Le moral des chefs d’entreprises est très disparate d'un territoire à l'autre. Les transporteurs de Normandie, d’Occitanie et de Bretagne sont les plus confiants pour les trois prochains mois.
En ce qui concerne l’emploi, 3 % de conducteurs sont en chômage partiel, rapporte l'étude. Pour les trois mois à venir, trois dirigeants sur quatre envisagent une stabilité des effectifs (74 %), 19 % une réduction et 7 % une progression.

Les véhicules coûtent 6,8 % de plus

Développement des temps d’attente, désorganisation des plans de transport, détérioration du taux de parcours en charge, aggravation des délais de paiement, achats de masques et de gel...
De son côté, le Comité national routier (CNR), dans sa dernière étude portant sur l'impact du coronavirus en 2020, énumère un certain nombre de postes de surcoûts pour les transporteurs routiers pour l'année en cours.
Malgré une baisse du prix du gazole de 19,6 % en septembre 2020 par rapport à décembre 2019, la crise sanitaire a augmenté le coût d'exploitation des camions de 6,8 %, précise le Comité.
Les auteurs du document ont constaté pendant l'année une hausse de la TICPE (taxe intérieure de consommation sur les produits énergétiques) de 2 centimes d'euros par litre (+ 1,9 %), faisant passer celle-ci de 43,19 centimes par litre à 45,19 centimes par litre.
En marge du coût des mesures sanitaires, le CNR observe une hausse du coût du personnel de conduite de 1 %. Cette revalorisation au 1er novembre a entraîné pour l'entreprise une diminution des allègements "Fillon" (la réduction générale des cotisations patronales).

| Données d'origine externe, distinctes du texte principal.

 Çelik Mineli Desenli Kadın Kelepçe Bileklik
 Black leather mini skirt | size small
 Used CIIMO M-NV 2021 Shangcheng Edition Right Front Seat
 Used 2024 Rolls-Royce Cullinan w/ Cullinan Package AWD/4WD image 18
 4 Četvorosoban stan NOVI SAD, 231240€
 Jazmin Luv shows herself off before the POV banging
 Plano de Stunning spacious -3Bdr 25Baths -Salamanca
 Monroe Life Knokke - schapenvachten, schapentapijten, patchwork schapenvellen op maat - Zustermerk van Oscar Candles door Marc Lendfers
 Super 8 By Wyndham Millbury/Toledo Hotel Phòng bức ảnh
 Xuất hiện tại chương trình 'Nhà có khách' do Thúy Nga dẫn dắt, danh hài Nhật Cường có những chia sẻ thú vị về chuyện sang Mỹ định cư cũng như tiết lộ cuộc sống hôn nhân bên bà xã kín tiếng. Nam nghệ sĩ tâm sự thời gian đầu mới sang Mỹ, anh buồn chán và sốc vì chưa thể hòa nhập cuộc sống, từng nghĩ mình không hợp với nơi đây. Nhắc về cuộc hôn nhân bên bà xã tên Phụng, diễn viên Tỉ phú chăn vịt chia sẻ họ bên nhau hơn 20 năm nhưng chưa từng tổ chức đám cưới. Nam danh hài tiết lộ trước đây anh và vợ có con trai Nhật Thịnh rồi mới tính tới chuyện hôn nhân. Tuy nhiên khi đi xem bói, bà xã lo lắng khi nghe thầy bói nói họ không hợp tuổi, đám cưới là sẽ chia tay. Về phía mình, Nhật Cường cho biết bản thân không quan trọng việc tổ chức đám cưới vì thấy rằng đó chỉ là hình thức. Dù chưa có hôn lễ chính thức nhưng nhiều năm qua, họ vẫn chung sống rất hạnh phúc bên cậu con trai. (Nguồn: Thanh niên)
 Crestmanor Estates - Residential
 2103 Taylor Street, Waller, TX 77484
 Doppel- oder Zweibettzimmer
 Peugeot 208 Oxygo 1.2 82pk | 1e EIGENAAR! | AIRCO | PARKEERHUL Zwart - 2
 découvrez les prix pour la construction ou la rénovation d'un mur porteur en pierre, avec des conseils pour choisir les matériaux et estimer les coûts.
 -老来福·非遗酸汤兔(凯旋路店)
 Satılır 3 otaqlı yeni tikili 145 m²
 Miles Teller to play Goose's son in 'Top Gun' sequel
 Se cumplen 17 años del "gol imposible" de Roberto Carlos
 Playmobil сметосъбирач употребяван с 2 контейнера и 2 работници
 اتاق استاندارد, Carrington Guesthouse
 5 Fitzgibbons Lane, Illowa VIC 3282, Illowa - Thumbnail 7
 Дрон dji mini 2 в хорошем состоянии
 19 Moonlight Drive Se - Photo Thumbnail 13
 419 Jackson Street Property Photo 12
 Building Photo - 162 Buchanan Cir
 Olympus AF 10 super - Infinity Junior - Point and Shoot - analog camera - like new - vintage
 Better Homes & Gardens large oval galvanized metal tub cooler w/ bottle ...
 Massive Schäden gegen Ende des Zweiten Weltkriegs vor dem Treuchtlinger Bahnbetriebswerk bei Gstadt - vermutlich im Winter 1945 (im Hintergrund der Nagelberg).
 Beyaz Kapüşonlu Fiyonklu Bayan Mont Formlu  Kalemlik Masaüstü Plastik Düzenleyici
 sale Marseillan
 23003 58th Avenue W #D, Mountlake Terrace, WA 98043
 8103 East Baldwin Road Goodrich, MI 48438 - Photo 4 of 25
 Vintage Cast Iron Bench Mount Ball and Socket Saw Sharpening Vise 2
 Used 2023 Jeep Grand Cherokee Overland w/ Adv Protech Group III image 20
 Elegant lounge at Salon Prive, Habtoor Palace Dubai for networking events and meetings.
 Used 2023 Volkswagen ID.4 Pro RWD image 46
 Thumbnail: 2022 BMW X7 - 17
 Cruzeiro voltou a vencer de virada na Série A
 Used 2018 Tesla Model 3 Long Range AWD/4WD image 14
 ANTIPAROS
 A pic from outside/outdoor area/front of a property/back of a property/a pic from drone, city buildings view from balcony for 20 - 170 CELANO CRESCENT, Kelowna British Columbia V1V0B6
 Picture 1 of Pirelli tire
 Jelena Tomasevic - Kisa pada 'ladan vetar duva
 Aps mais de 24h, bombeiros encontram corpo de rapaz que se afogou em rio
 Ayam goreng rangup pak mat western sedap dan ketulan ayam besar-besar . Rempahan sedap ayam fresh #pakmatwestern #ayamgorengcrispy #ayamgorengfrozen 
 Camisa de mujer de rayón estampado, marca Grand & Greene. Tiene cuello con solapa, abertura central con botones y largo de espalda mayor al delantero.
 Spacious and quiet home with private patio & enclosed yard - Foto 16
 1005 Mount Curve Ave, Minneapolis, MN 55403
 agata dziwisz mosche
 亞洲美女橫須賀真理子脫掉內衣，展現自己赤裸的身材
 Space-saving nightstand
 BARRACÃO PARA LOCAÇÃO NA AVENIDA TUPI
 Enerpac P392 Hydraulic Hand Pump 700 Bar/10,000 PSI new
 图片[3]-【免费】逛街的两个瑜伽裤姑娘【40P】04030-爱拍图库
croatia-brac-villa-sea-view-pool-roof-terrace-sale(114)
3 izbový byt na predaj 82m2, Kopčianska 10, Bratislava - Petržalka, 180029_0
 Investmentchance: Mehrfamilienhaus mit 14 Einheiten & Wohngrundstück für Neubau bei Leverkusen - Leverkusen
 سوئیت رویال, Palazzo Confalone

Autre surcoût généré par la Covid-19, une prime d'activité annuelle de 500 euros versée par conducteur.
En matière d'exploitation, le document chiffre à 6 % la hausse des parcours à vide pour l'année.
Pour 2021, le CNR prend à son compte des prévisions d'experts, estimant, malgré les incertitudes du moment, que le prix du baril devrait rester bas. L'étude ajoute que la TICPE devrait rester identique et que le prix des véhicules correspondant à la norme Euro 6 devrait augmenter de 1 %.
Le comité redoute le reconfinement du 30 octobre et n'est en outre pas rassuré par "l'éloignement des perspectives de croissance".